Open c3m3gyanesh opened 1 year ago
Yes, it's not optimal, see https://github.com/Telecommunication-Telemedia-Assessment/bitstream_mode3_p1204_3/issues/25 and https://github.com/Telecommunication-Telemedia-Assessment/bitstream_mode3_p1204_3/issues/16#issue-722268021 — a good optimization would be to stream the feature parsing output to line-delimited JSON files instead of one big array and then parse that step by step. Right now there are no resources to rework this part though.
Note that the use case of this model is for really short videos of 4–10 seconds length. Anything longer you should definitely split up. I think a poor man's solution would be to do the splitting manually via ffmpeg beforehand and then calling the tool on each file individually.
ffmpeg -i "$input_video" -c copy -f segment -segment_time 10 -reset_timestamps 1 "$output_directory/segment_%03d.mkv"

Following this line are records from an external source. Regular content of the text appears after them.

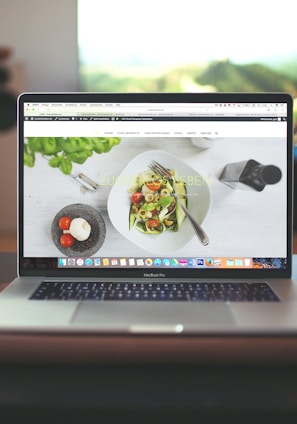 MacBook Pro showing vegetable dish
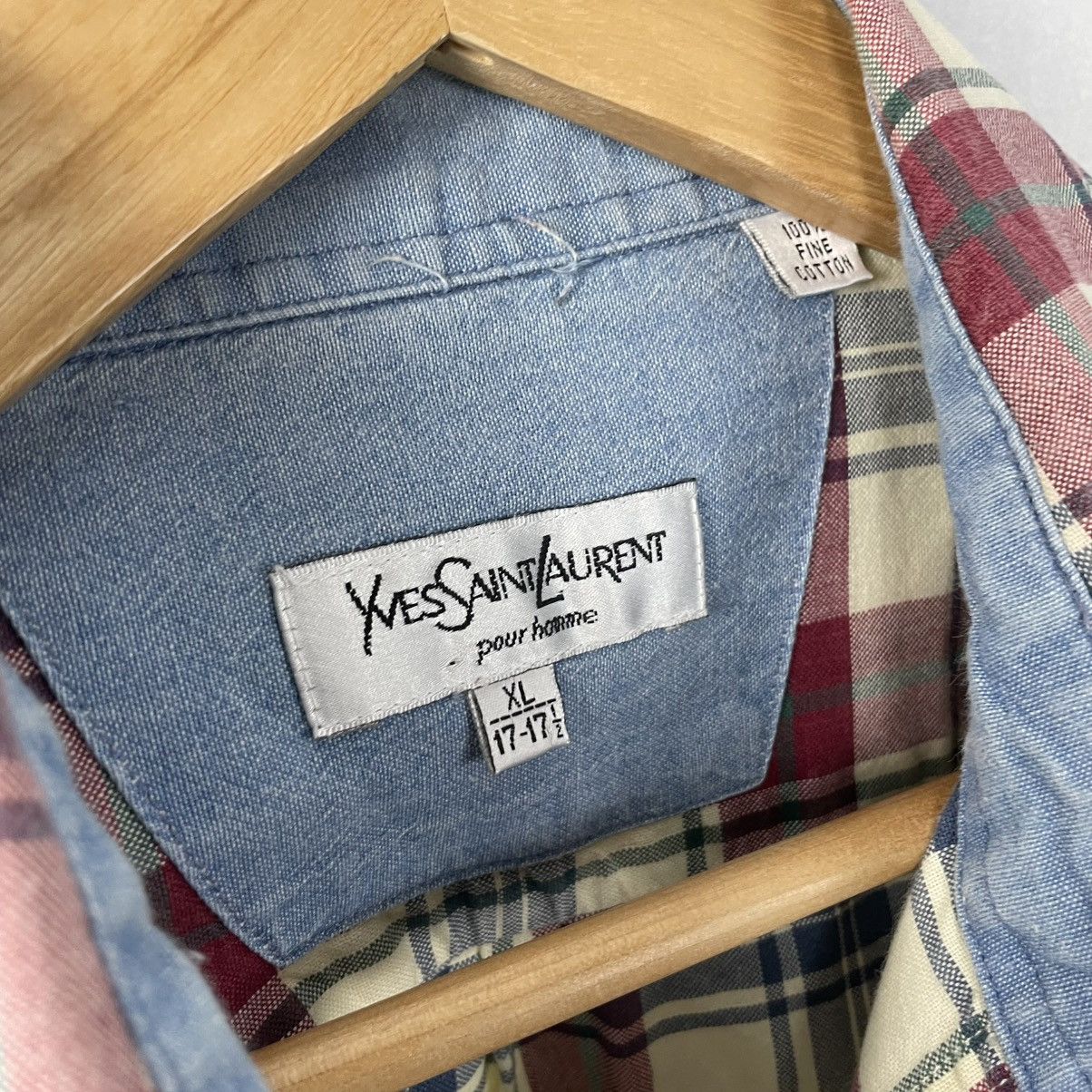 Yves Saint Laurent Vintage Yves Saint Laurent (YSL) Plaid Flannel Button Shirt Size US XL / EU 56 / 4 - 9 Thumbnail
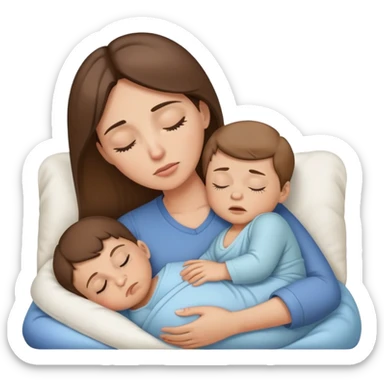 Light brunette tired mom forcing baby boy to go to sleep sticker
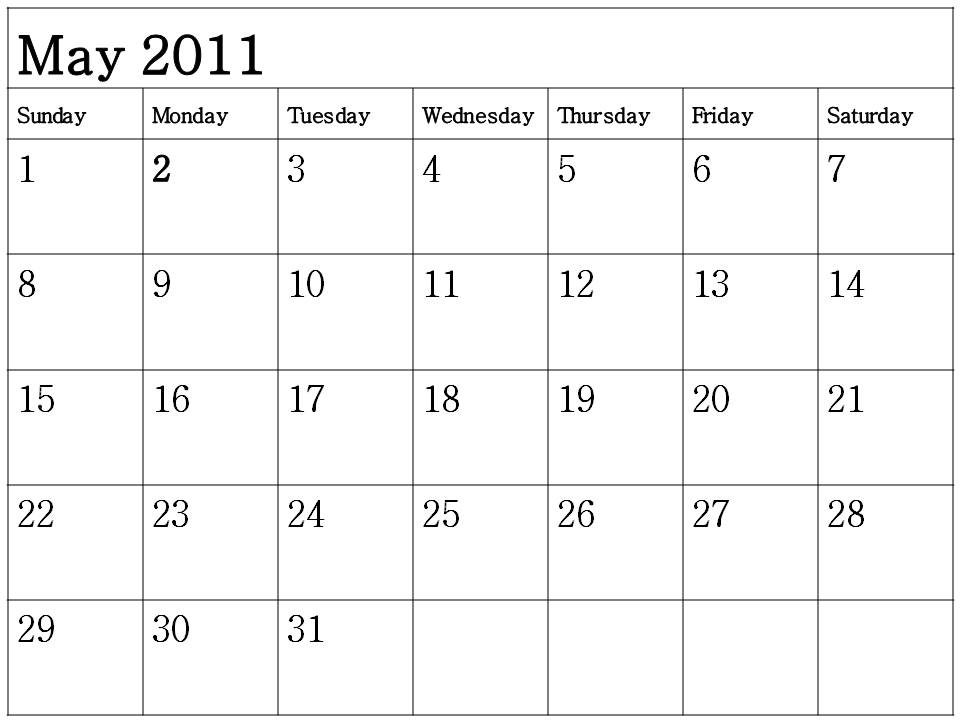 may 2011 calendar printable free. Plain Blank Calendar May 2011
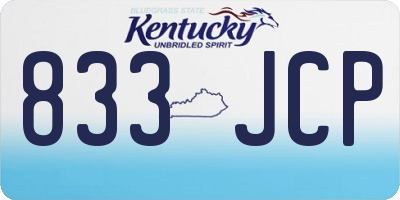 KY license plate 833JCP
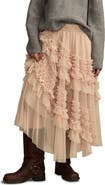 Lucky Brand Asymmetric Tiered Tulle Midi Skirt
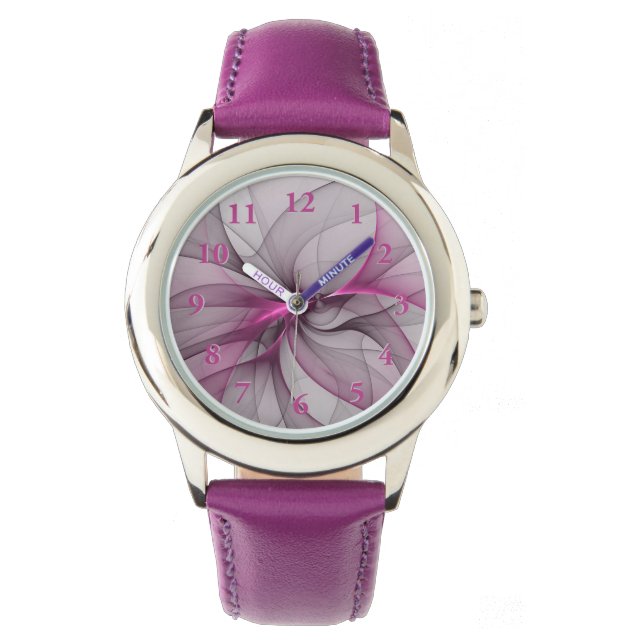 Elegant kaotisk modern abstrakt rosa fraktalkonst armbandsur (Framsida)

for segment_file in "$output_directory"/*.mkv; do
# call P.1204.3 bitstream model and store in JSON
# ... parse the JSON individually
done
Due to extreme memory requirements by bitstream parser, it is almost impossible to use this code on videos with longer duration e.g. 5min, 10mins. One of the solution is to split videos into 8-10s. Is it possible to add the feature to this code to run a list of video files of 10s and generate a combined output which showcase 'per second' for all frames and 'per sequence' for all split videos combined (treating it as a single video)?